====== INPUT FOR THIS TASK
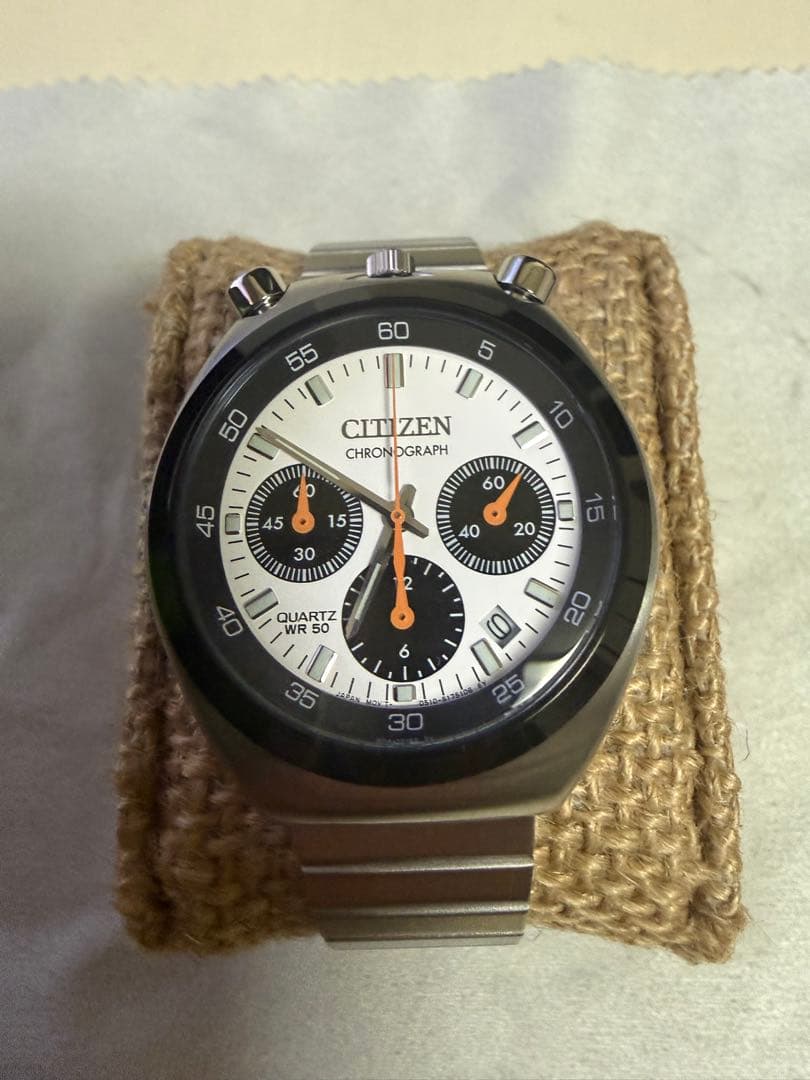 CITIZEN ツノクロノグラフ AN3660-81A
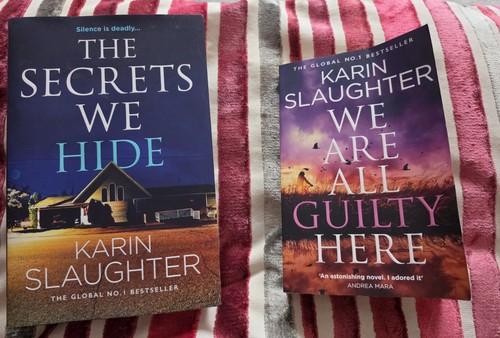 Karin slaughter the secrets - karin,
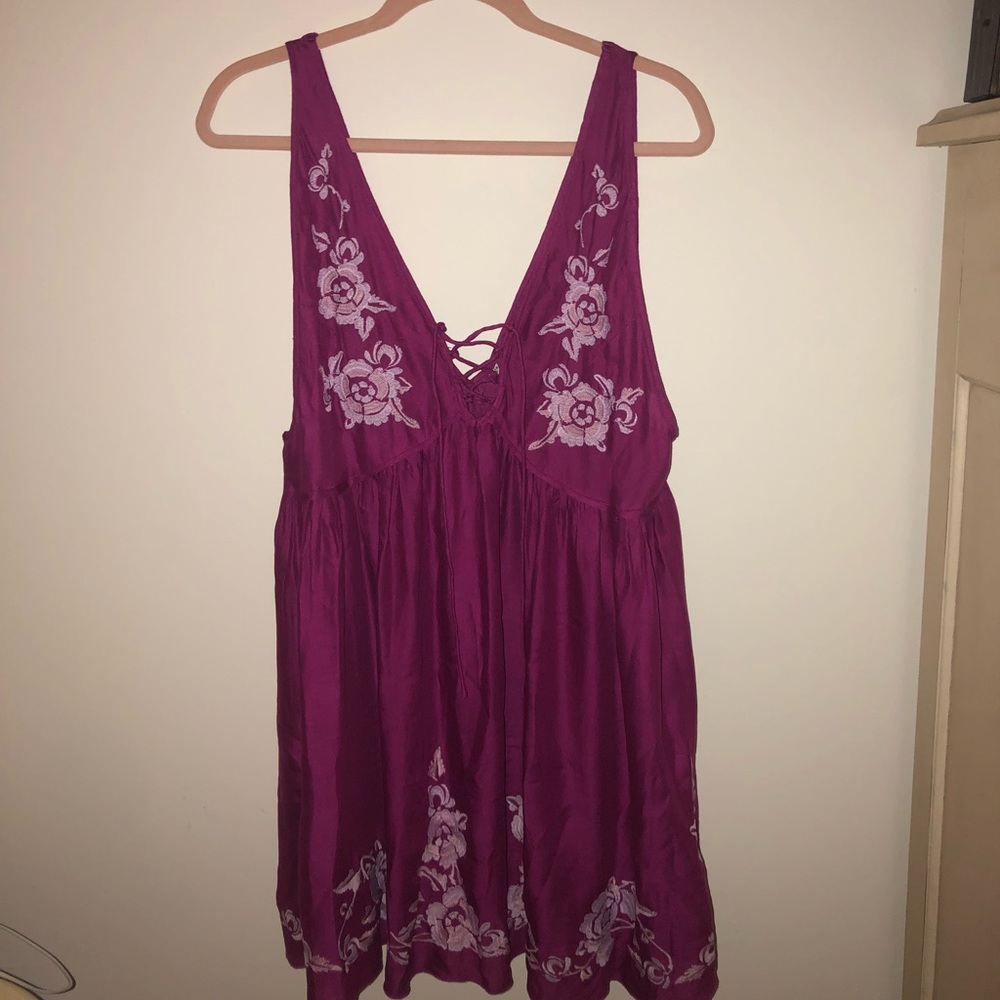 Free People Aldia Slip Dress - NEW WITH TAGS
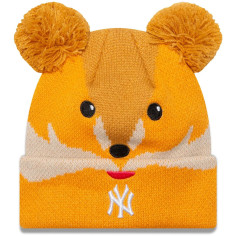 Bonnet double pompon - Renard - New Era - New York Yankees - Bébé
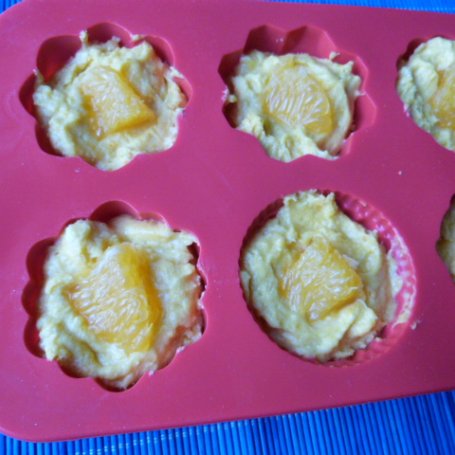 Krok 4 - Pomarańczowe muffiny z dynią hokkaido foto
============
Retyped exactly, the lines from the one holding "Bonnet double pompon" through the last line of the data above are the whole answer. Pictures stay out.

--- RESULT OF THIS TASK ---
 Bonnet double pompon - Renard - New Era - New York Yankees - Bébé
 Krok 4 - Pomarańczowe muffiny z dynią hokkaido foto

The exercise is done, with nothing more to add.